# how to fix bufferbloat in FreeBSD  ?



## isso2095 (Nov 20, 2021)

i was able to fix it with this with software on linux called sqm-scripts which based on tc is there an alternative  is  it possible to install tc (iproute2) on freebsd ? so i can run sqm


----------



## Alain De Vos (Nov 20, 2021)

Before being able to fix something one must be able to produce something fixable.
How can i produce the problem ?


----------



## a6h (Nov 20, 2021)

There's a guide for fixing bufferbloat on OpenBSD 6.2+. You may use it, and chanhe it, in order to adopt it
on FreeBSD too. I've used it on OpenBSD, but not on FreeBSD. It has never came up to do so. Keep in mind
that the guide is based on OpenBSD PF(4).

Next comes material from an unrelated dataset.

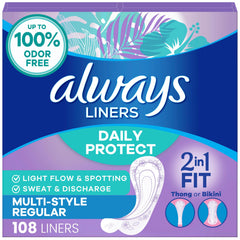 Always empaque frontal con protector diario, muestra cantidad y beneficio de frescura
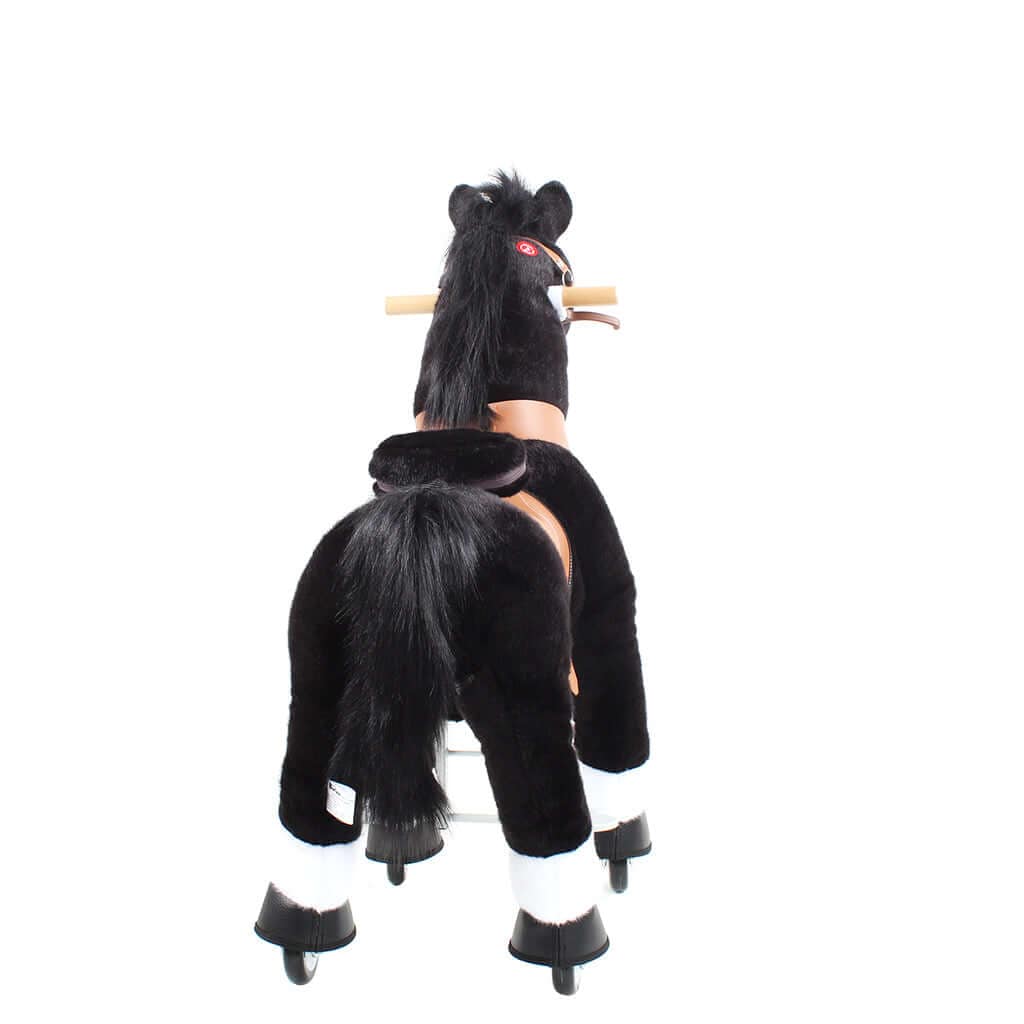 Toddlers Black Indoor/Outdoor Ride-On Pony with Cushioned Seat, Anti-Slip Wheels (Ages 4–7)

FreeBSD PF(4) and OpenBSD PF(4) are not the same creature.

Fixing bufferbloat on your home network with OpenBSD 6.2 or newer


----------



## Alain De Vos (Nov 20, 2021)

If i'm correct you must have a bad telco provider in order to demonstrate bufferbloat.
Note : you can also tune mtu & congestion control.


----------



## a6h (Nov 20, 2021)

Alain De Vos said:


> If i'm correct you must have a bad telco provider in order to demonstrate bufferbloat.


There's a full description of issue on this website:





						Introduction - Bufferbloat.net
					






					www.bufferbloat.net


----------



## diizzy (Nov 20, 2021)

At least comparing to OpenWrt (Linux) FreeBSD seems to fare much better in the regard and I doubt you'll need tweaking at all in that regard.


----------